# Task prompt:
This task asks for the lines from the one with "Peugeot 208 1.2 VTi Allure teto panorâmico" to the final line below, repeated exactly, with pictures omitted.

Data records

━━━━

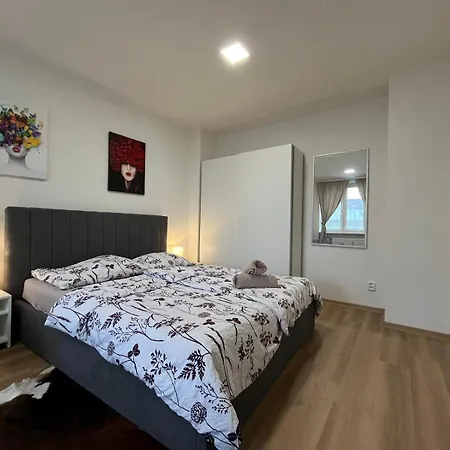 Kastanova 27 Apartment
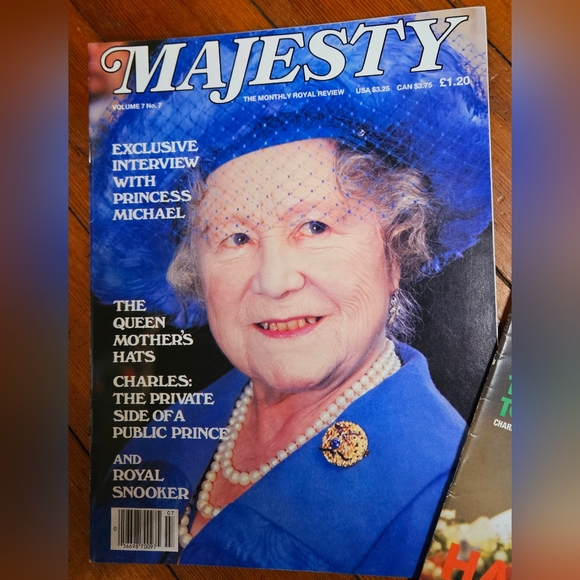 Queen Mother Majesty Magazines - Picture 5 of 5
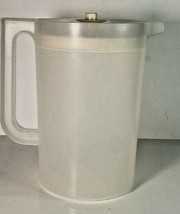 Vintage Tupperware 2-Qt Sheer Pitcher with Tan Pushbutton Top #1676 - £11.07 GBP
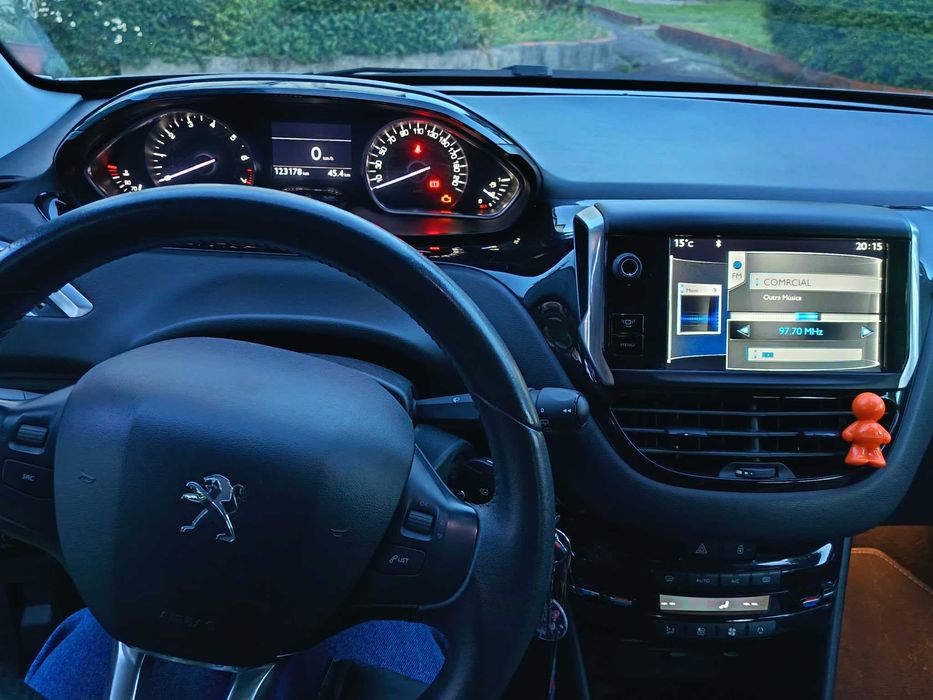 Peugeot 208 1.2 VTi Allure teto panorâmico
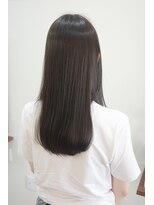 ロエ(loe)&nbsp;髪質改善カラーで毎日のお手入れが楽になる質感に◎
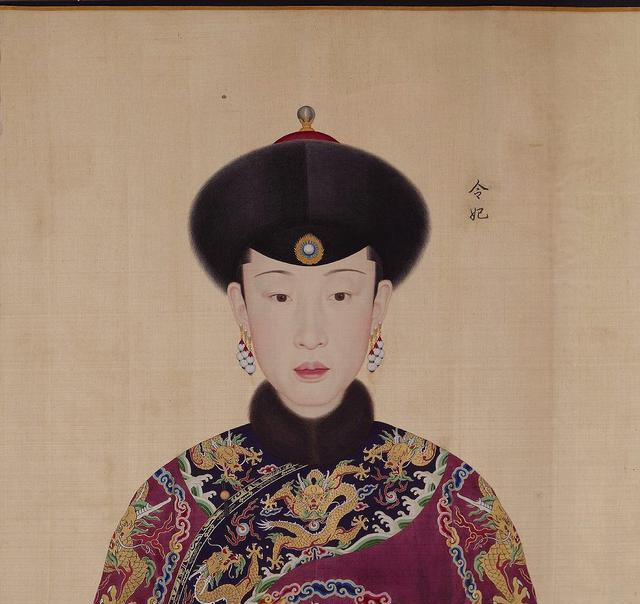 乾隆以及12个妃子的样貌复原图,一组图乾隆帝的后妃真实画像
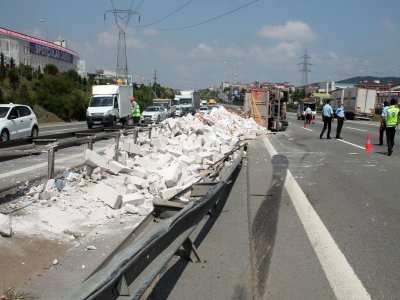 TEM'deki kaza trafiği kilitledi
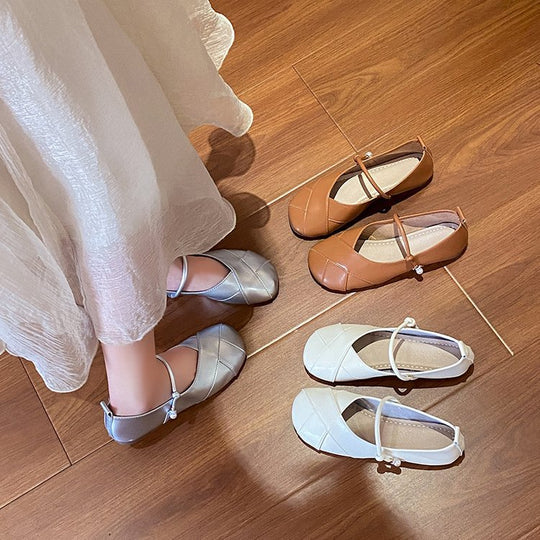 Damen Ballerinas mit dekorativem Riemen EB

━━━━

# Your response:
 Peugeot 208 1.2 VTi Allure teto panorâmico
 ロエ(loe)&nbsp;髪質改善カラーで毎日のお手入れが楽になる質感に◎
 乾隆以及12个妃子的样貌复原图,一组图乾隆帝的后妃真实画像
 TEM'deki kaza trafiği kilitledi
 Damen Ballerinas mit dekorativem Riemen EB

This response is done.